#### [DATA FOR THIS TASK]
──────────────────────────────
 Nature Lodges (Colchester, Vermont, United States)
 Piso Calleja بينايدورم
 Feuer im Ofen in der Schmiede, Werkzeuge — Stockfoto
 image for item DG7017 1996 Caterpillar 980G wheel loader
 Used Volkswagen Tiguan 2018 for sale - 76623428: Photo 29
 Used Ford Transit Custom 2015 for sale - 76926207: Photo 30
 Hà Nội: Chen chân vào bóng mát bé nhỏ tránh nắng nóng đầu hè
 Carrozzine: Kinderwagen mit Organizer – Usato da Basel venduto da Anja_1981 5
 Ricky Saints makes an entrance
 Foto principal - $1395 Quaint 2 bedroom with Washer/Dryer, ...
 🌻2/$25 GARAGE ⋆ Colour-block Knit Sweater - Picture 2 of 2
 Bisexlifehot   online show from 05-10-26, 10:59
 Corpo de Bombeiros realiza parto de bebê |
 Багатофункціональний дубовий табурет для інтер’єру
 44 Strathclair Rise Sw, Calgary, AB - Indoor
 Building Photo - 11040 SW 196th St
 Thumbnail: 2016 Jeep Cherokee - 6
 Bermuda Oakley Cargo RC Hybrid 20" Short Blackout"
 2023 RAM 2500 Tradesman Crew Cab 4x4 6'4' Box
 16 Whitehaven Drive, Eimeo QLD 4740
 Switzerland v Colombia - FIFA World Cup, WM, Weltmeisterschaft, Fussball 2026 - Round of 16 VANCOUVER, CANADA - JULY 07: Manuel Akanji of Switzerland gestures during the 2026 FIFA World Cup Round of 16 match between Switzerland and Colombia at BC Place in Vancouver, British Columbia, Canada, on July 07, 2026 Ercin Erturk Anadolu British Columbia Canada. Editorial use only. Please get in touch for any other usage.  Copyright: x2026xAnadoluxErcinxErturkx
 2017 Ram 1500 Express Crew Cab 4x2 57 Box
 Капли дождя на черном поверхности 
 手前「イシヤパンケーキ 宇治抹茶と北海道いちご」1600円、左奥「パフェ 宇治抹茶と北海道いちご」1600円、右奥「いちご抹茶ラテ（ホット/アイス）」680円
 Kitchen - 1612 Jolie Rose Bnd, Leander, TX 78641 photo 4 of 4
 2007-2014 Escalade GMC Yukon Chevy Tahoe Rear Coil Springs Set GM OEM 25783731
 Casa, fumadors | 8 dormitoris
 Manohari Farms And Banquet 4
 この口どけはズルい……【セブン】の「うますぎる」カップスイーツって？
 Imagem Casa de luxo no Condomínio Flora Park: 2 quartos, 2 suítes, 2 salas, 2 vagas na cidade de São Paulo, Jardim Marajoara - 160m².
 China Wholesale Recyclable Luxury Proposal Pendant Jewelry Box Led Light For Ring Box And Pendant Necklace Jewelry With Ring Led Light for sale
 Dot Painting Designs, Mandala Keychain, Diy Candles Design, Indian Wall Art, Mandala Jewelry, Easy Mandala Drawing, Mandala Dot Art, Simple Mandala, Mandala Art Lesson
──────────────────────────────
#### [WHAT THE TASK ASKS]
Return all of the material exactly as written, from the first line through the last.

#### [WRITTEN SOLUTION]
 Nature Lodges (Colchester, Vermont, United States)
 Piso Calleja بينايدورم
 Feuer im Ofen in der Schmiede, Werkzeuge — Stockfoto
 image for item DG7017 1996 Caterpillar 980G wheel loader
 Used Volkswagen Tiguan 2018 for sale - 76623428: Photo 29
 Used Ford Transit Custom 2015 for sale - 76926207: Photo 30
 Hà Nội: Chen chân vào bóng mát bé nhỏ tránh nắng nóng đầu hè
 Carrozzine: Kinderwagen mit Organizer – Usato da Basel venduto da Anja_1981 5
 Ricky Saints makes an entrance
 Foto principal - $1395 Quaint 2 bedroom with Washer/Dryer, ...
 🌻2/$25 GARAGE ⋆ Colour-block Knit Sweater - Picture 2 of 2
 Bisexlifehot   online show from 05-10-26, 10:59
 Corpo de Bombeiros realiza parto de bebê |
 Багатофункціональний дубовий табурет для інтер’єру
 44 Strathclair Rise Sw, Calgary, AB - Indoor
 Building Photo - 11040 SW 196th St
 Thumbnail: 2016 Jeep Cherokee - 6
 Bermuda Oakley Cargo RC Hybrid 20" Short Blackout"
 2023 RAM 2500 Tradesman Crew Cab 4x4 6'4' Box
 16 Whitehaven Drive, Eimeo QLD 4740
 Switzerland v Colombia - FIFA World Cup, WM, Weltmeisterschaft, Fussball 2026 - Round of 16 VANCOUVER, CANADA - JULY 07: Manuel Akanji of Switzerland gestures during the 2026 FIFA World Cup Round of 16 match between Switzerland and Colombia at BC Place in Vancouver, British Columbia, Canada, on July 07, 2026 Ercin Erturk Anadolu British Columbia Canada. Editorial use only. Please get in touch for any other usage.  Copyright: x2026xAnadoluxErcinxErturkx
 2017 Ram 1500 Express Crew Cab 4x2 57 Box
 Капли дождя на черном поверхности 
 手前「イシヤパンケーキ 宇治抹茶と北海道いちご」1600円、左奥「パフェ 宇治抹茶と北海道いちご」1600円、右奥「いちご抹茶ラテ（ホット/アイス）」680円
 Kitchen - 1612 Jolie Rose Bnd, Leander, TX 78641 photo 4 of 4
 2007-2014 Escalade GMC Yukon Chevy Tahoe Rear Coil Springs Set GM OEM 25783731
 Casa, fumadors | 8 dormitoris
 Manohari Farms And Banquet 4
 この口どけはズルい……【セブン】の「うますぎる」カップスイーツって？
 Imagem Casa de luxo no Condomínio Flora Park: 2 quartos, 2 suítes, 2 salas, 2 vagas na cidade de São Paulo, Jardim Marajoara - 160m².
 China Wholesale Recyclable Luxury Proposal Pendant Jewelry Box Led Light For Ring Box And Pendant Necklace Jewelry With Ring Led Light for sale
 Dot Painting Designs, Mandala Keychain, Diy Candles Design, Indian Wall Art, Mandala Jewelry, Easy Mandala Drawing, Mandala Dot Art, Simple Mandala, Mandala Art Lesson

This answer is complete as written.